On the left is homemade yogurt with strawberry jam. What's on the right was marked down at Whole Foods this week.

Although I make yogurt all the time, I've hesitated to send a child to school with homemade yogurt in a canning jar because I worried it might be embarrassing, like going to school in a dress made from a flour sack. But Owen, who is a 9-year-old ecofreak, loved the idea. I questioned whether, for all his scruples, he would find strawberry jam an acceptable substitute for "fruit-at-the-bottom." He did. Amazing. It has really bugged me to make great yogurt and then feed the kids expensive and mediocre single-serving cartons of Dannon/Yoplait/Brown Cow just because they're pre-sweetened and portable. Non-serious problem now solved.
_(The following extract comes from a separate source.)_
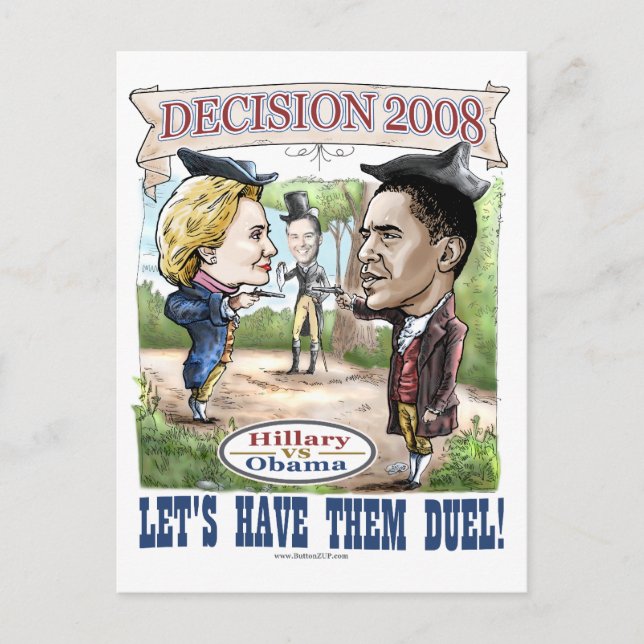 Hillary vs. Obama Postcard  Postkarte (Vorderseite)
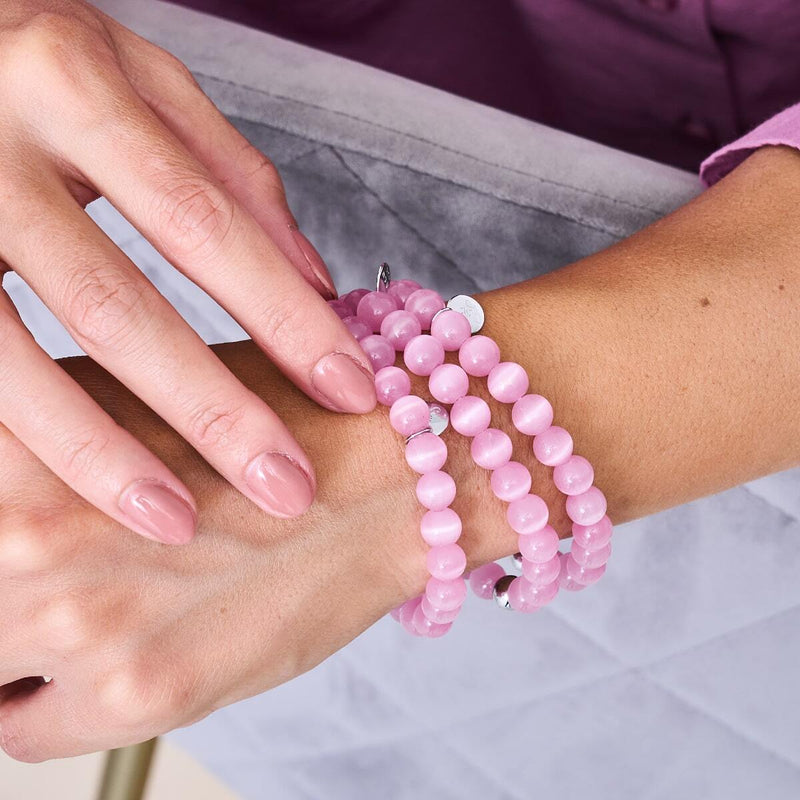 Wassermelone | 925er Sterlingsilber | Cheshire-Glasarmband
As for the yogurt itself, I used the Moro recipe, which is much fussier than my go-to recipe in Anne Mendelson's Milk. 
 
Mendelson's recipe involves heating milk and cooling it, adding a few spoonfuls of "starter" yogurt then putting the mixture somewhere warm to sit overnight.  In the morning, you strain the yogurt for a few hours to thicken. It's like Greek yogurt, and it's fabulous. (This is virtually identical to Mendelson's formula, and if you've never made yogurt, you should try it.)

The Moro recipe calls for boiling milk until it reduces by a third, which takes a while, then adding cream. You cool this decadent mixture, stir in your starter, and put it somewhere warm to sit overnight. It is also fabulous, perhaps slightly more fabulous than Mendelson's yogurt, if not fabulous enough to merit the extra effort. It is also extremely fattening.
 
Still, I count this yogurt as one more reason to love the Moro cookbook.

In other news, I finally got around to reading Girl with the Dragon Tattoo. Not for everyone, this best-selling mystery, as it is lurid, grisly, intricately (some might say "implausibly") plotted, and overpopulated with sadistic Swedish sex maniacs. I never wanted it to end. Have now embarked on the sequel instead of taking down the Christmas tree. There are times when serial killers are better companions than sentimental Christmas ornaments, though I really do need to take down that tree.